Top of INPUT

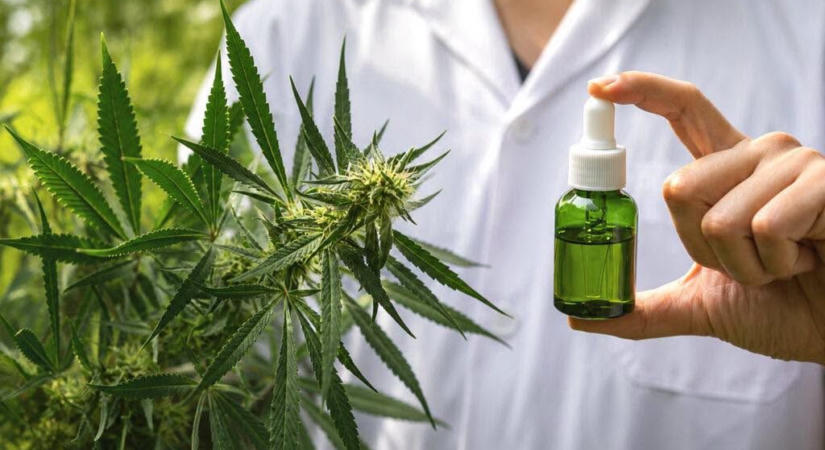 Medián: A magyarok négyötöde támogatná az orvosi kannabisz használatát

Bottom of INPUT
Top of INPUT

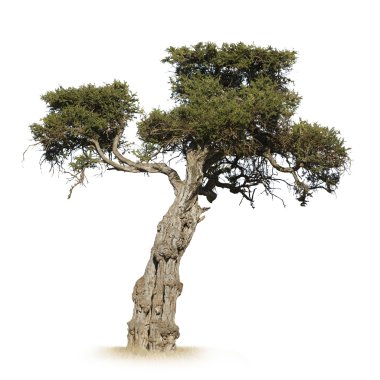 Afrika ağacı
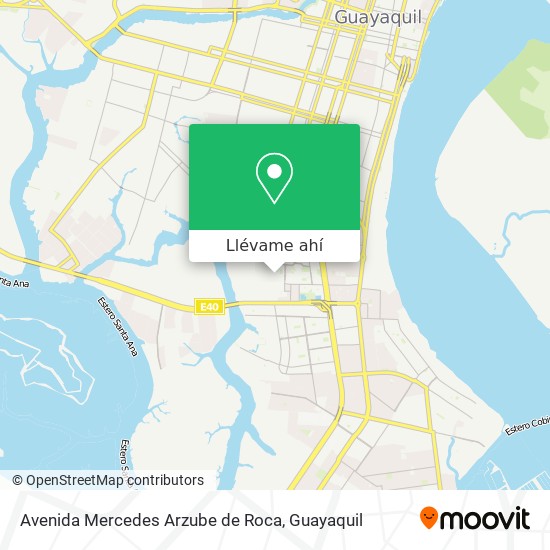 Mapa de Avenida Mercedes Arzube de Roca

Bottom of INPUT

**THE TASK**:
In the entries above, find the line containing "Afrika ağacı" and the line containing "Mapa de Avenida Mercedes Arzube de Roca"; give again exactly those two lines and every line between them, minus the pictures.

**YOUR RESPONSE**:
 Afrika ağacı
 Mapa de Avenida Mercedes Arzube de Roca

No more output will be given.